Investors have been somewhat cautious about the retail sector on worries that inflation is still having a major impact with consumers and affecting the level of discounting in key categories. “Retailers know that shoppers have become price-sensitive and are looking for steep promotions and discounts. Therefore, retailers have ramped up the amount of merchandise on sale, hoping that more shoppers will open their wallets ahead of Black Friday,” noted LSEG Director Jharonne Martis ahead of the key shopping period.
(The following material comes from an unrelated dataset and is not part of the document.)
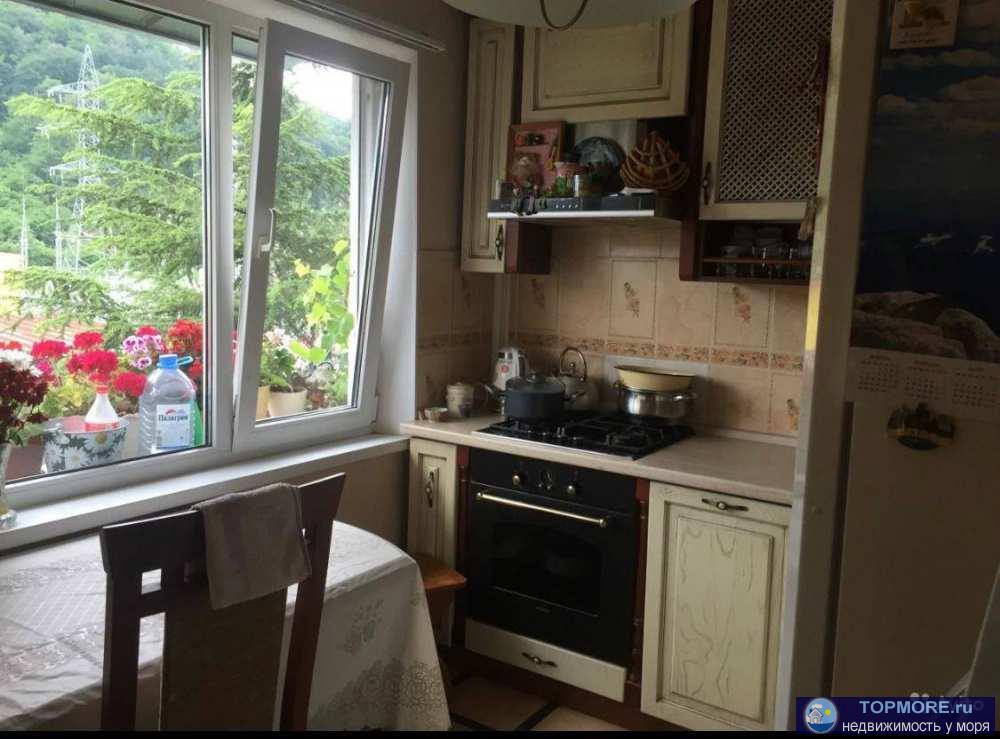 Продается квартира двухкомнатная,в тихом районе поселка Дагомыс.В шаговой доступности находятся... - 2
Running contrary to the cautious vibe, early data for the holiday shopping period has been solid. For the first 23 days of November, online sales are up 6.8% from the corresponding period a year ago. Notably, Mattel’s (MAT) Barbie line of toys has been highlighted by several analysts to be a hot seller for the early part of the holiday shopping season. Separately, traffic reports indicate Walmart (WMT) may be outperforming expectations for the first part of the holiday season. Meanwhile, Black Friday tracking showed Five Below (FIVE) had solid traffic during the day. Bank of America expects an acceleration for Five Below (FIVE) into Christmas. ‘With persistently high inflation, consumers are increasingly seeking out value and buying closer to need, noted analyst Jason Hass. On that point, Target (TGT) recently highlighted that two-thirds of its toy assortment is priced below $25 this year. Haas thinks the the rollout of Five Beyond (products price $6 to $25) better positions it in the gift-giving category this year. Five Below (FIVE) is also noted to have one of the most differentiated offerings in retail. The retailer is also expected to see a bigger impact from licensed properties this holiday season following a number of blockbuster summer movies, including Barbie, Super Mario, Transformers, and Spiderman. The overall view on FIVE is that it is on a glide path for solid returns.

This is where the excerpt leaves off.